Danica Patrick was placed fourth in the 2005 running of the Indianapolis 500, making her the top-finishing woman ever at the famous auto race. It was Patrick's first Indy 500 appearance and she was named the race's rookie of the year. Danica Patrick began driving karts at age of 10. She captured the Grand National karting championship at the age of 12 and also added multiple titles at the ages of 14 and 15. In those six years of racing, Danica won three national point championships and ten regional crowns. She then jumped up to the Formula Vauxhall Winter Series in England in 1998, when she was just 16. She says, "If you want to be a lawyer, you go to Harvard. If you want to be the best race car driver, you move to England." And that she did.

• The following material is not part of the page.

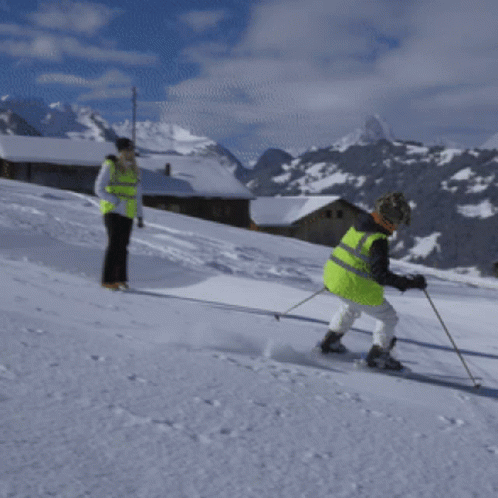 two men in green jackets ski on the slopes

Danica entered the Formula Vauxhall Winter Series in 1998. In 1999, she earned a career best ninth place finish in the championship. In 2000, Patrick advanced to the most competitive racing series in the world, the Zetek Formula Ford Championship in England. In that same year, she also raced in the European Formula Ford Series and was a test driver for the Mygale factory team as part of Haywood racing.
Later that season, Danica made a mark that is still being talked about in British motorsports. She finished a well deserved second place in the Formula Ford Festival, the toughest competition in British road racing. This mark matched the best ever finish for an American since Danny Sullivan finished second in 1974.

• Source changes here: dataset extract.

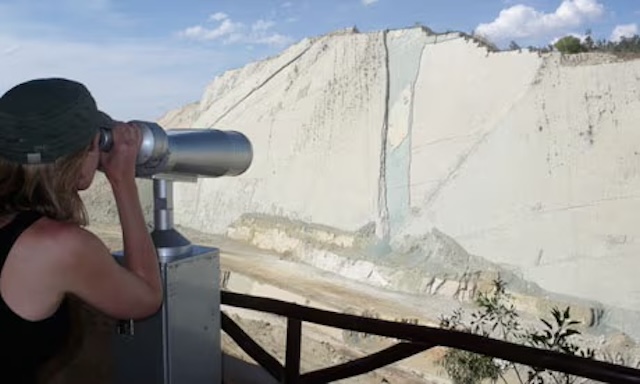 A visitor peers through a telescope, marveling at the intricate network of ancient dinosaur tracks etched into the cliffside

By 2002 she had signed a contract with Team Rahal. Her Indy 500 debut, combined with her youth, good looks, and the general paucity of women drivers in auto racing, made her a hit with fans and a sudden media favorite. Patrick is also the first woman ever to lead a lap at the Indy 500; she led for 19 laps of the 2005 race.
According to her official site, Danica Patrick is 5'2" tall and weighs 100 pounds. She was the second woman to win rookie of the year honors at Indianapolis; Lyn St. James won in 1992. The 2005 Indy 500 was won by Englishman Dan Wheldon. Danica Patrick was born in 1982, five years after Janet Guthrie became the first woman ever to drive in the Indy 500... Patrick drives for Rahal-Letterman Racing, the team co-owned by former driver Bobby Rahal and talk show host David letterman Women to drive in the Indy 500 before Patrick include Guthrie (1977-79), St. James (1992-97, 2000), and Sarah Fisher (2000-2004). Another female, Desire Wilson, passed the Indy 500 driver's test in 1982 but failed to qualify for the race.